Dataset excerpts:
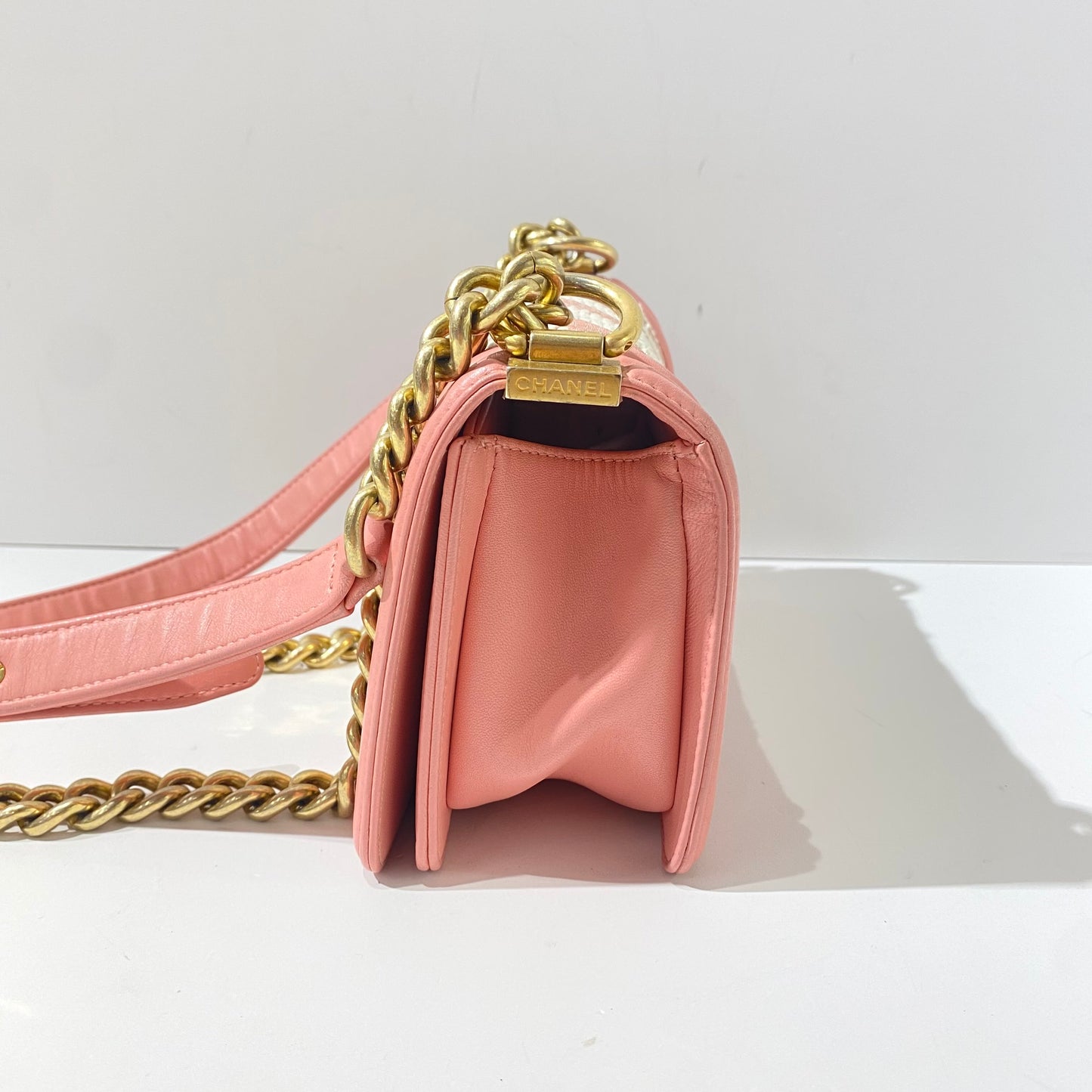 Chanel - Boy - Leather - Pink - (small)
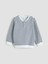Yeni Sezon Bisiklet Yaka Çizgili Erkek Çocuk Sweatshirt 1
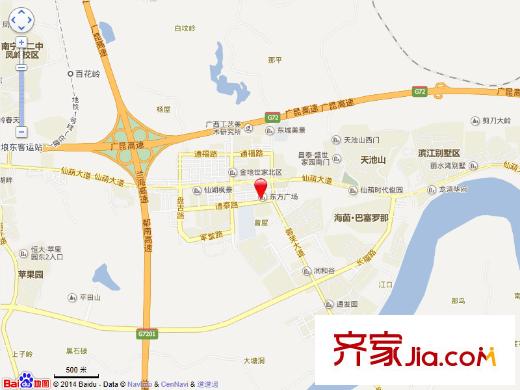 東方廣場(chǎng)交通圖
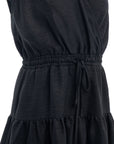 Sleeveless Overlap V-Neck Tiered Mini Dress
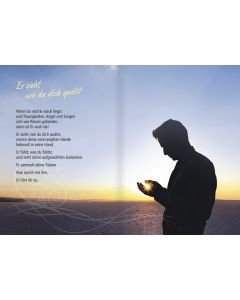 Gott nimmt deine Sorgen auf sein Herz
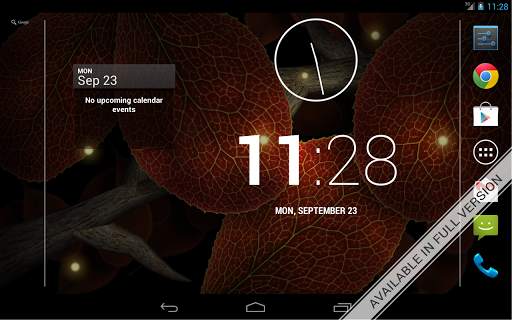 Tap Leaves Free Live Wallpaper screenshot 11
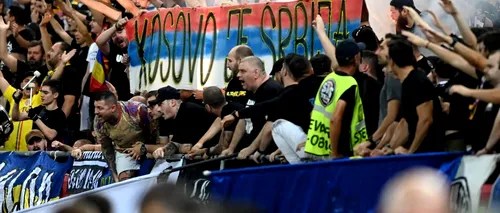 Jandarmeria a făcut anunțul, după ce sute de ultrași au oprit meciul România - Kosovo! Ce SANCȚIUNI s-au dat! Cine amenință cu judecata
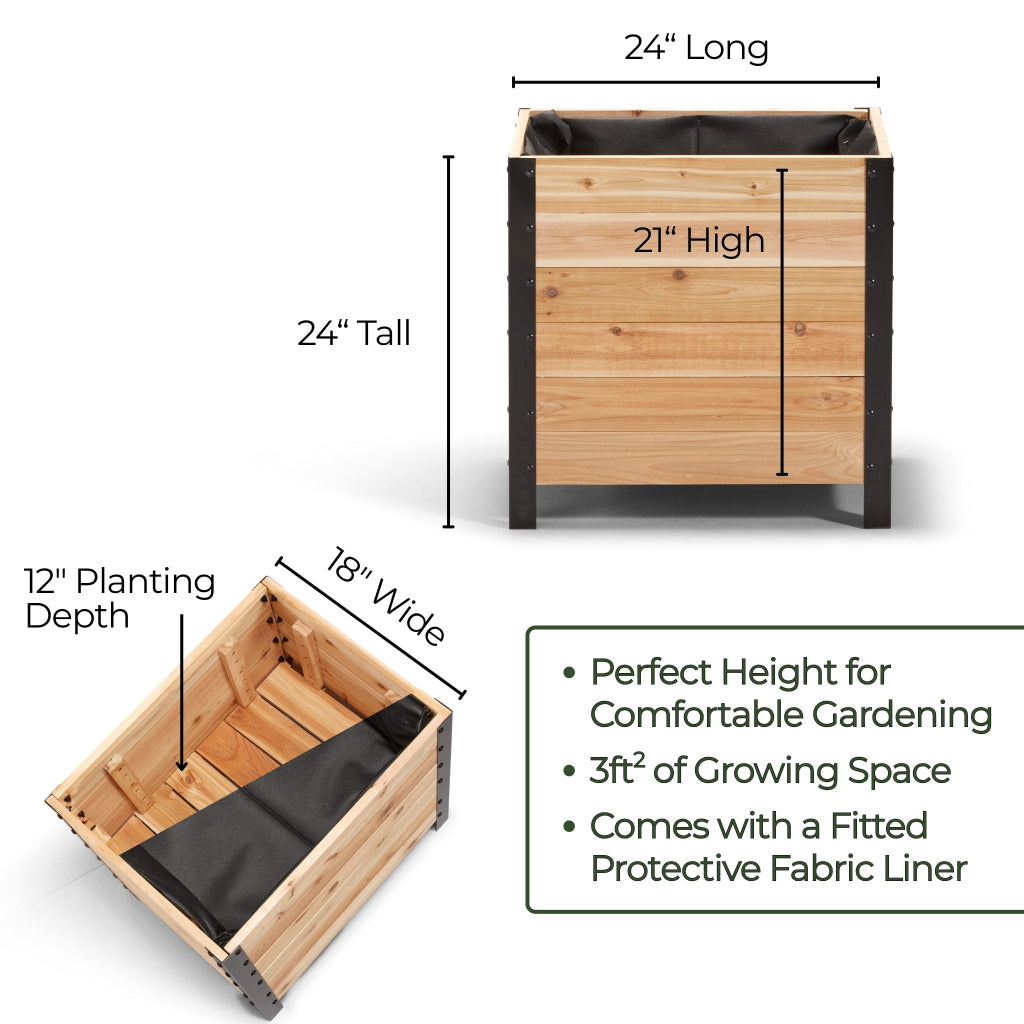 18" x 24" Planter Box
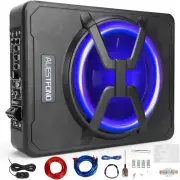 10 Inch 800W under Seat Car Subwoofer Bass Active Stereo with Multi Colors Ambie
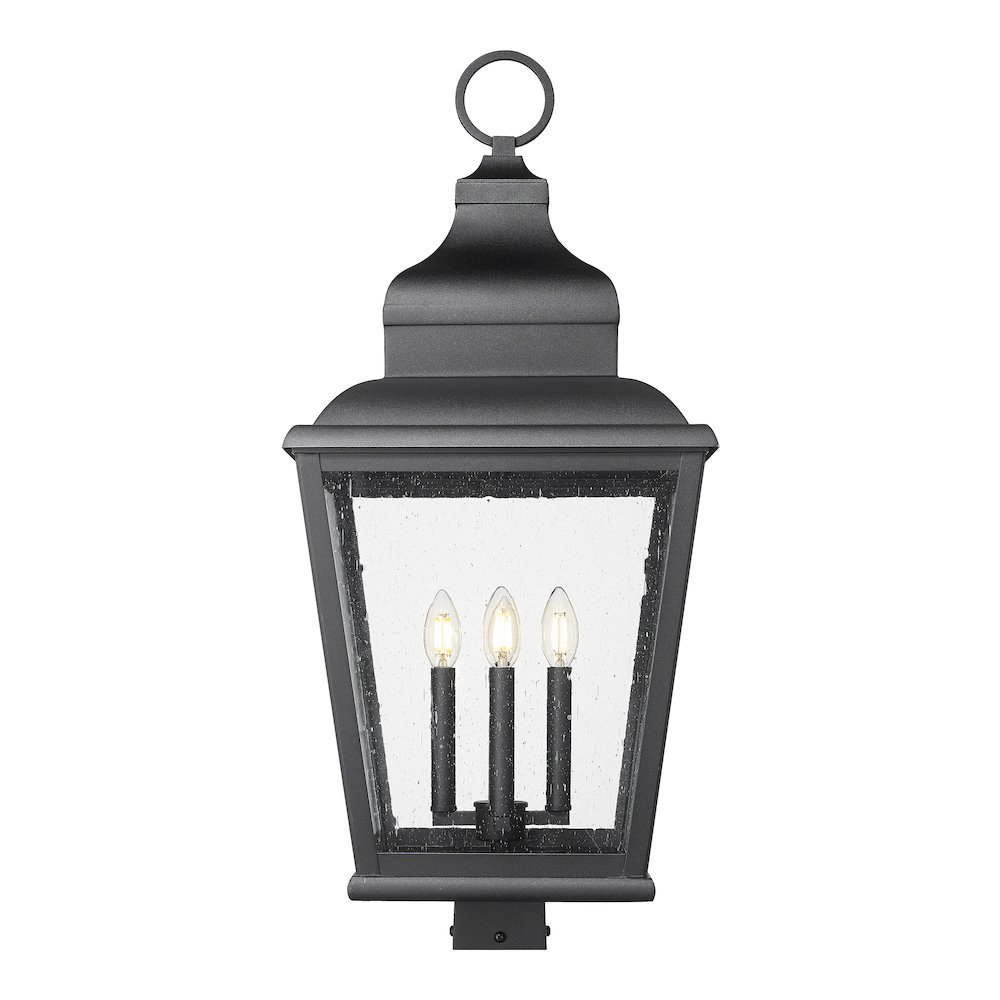 Z-Lite 4 Light Outdoor Post Mount Fixture, Sand Black. Picture 2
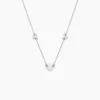 Collier Hearten Argent Blanc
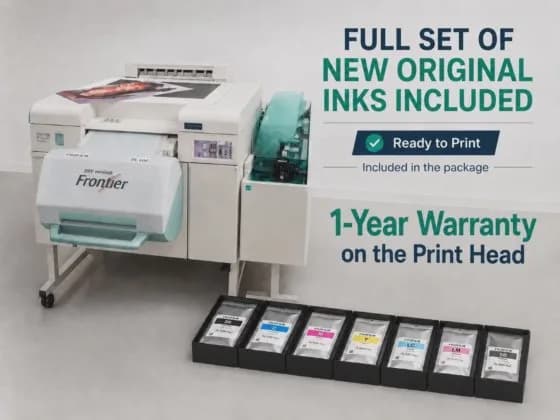 Fujifilm Frontier DL650 with 6 months printhead warranty and new inks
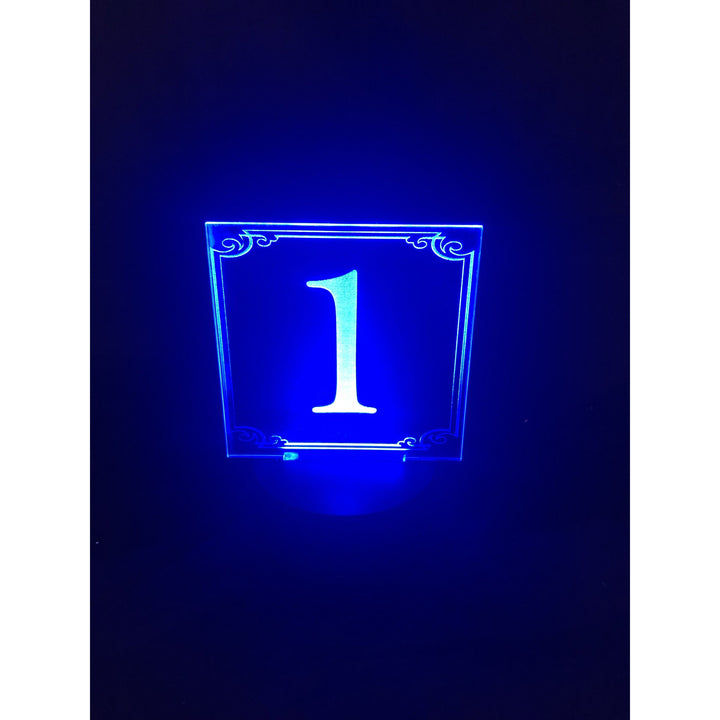 Lighted Table Number Sign Acrylic - CCHobby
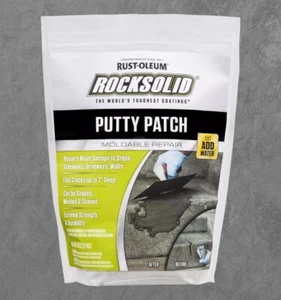 Rust Oleum RockSolid Crack-N-Patch Concrete Asphalt Putty Repair Sealer 3 lb NEW - Picture 1 of 7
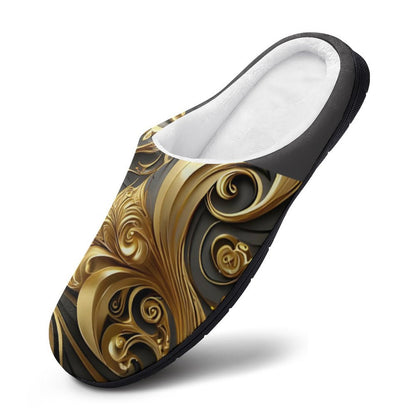 Personalized Men's Cotton Slippers (All-Over Printing)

▶ **EXERCISE OBJECTIVE**
Write out exactly the opening lines of the data, stopping after the line that holds "10 Inch 800W". Exclude pictures.

▶ **RESULT**
 Chanel - Boy - Leather - Pink - (small)
Yeni Sezon Bisiklet Yaka Çizgili Erkek Çocuk Sweatshirt 1
 東方廣場(chǎng)交通圖
 Sleeveless Overlap V-Neck Tiered Mini Dress
 Gott nimmt deine Sorgen auf sein Herz
 Tap Leaves Free Live Wallpaper screenshot 11
 Jandarmeria a făcut anunțul, după ce sute de ultrași au oprit meciul România - Kosovo! Ce SANCȚIUNI s-au dat! Cine amenință cu judecata
 18" x 24" Planter Box
 10 Inch 800W under Seat Car Subwoofer Bass Active Stereo with Multi Colors Ambie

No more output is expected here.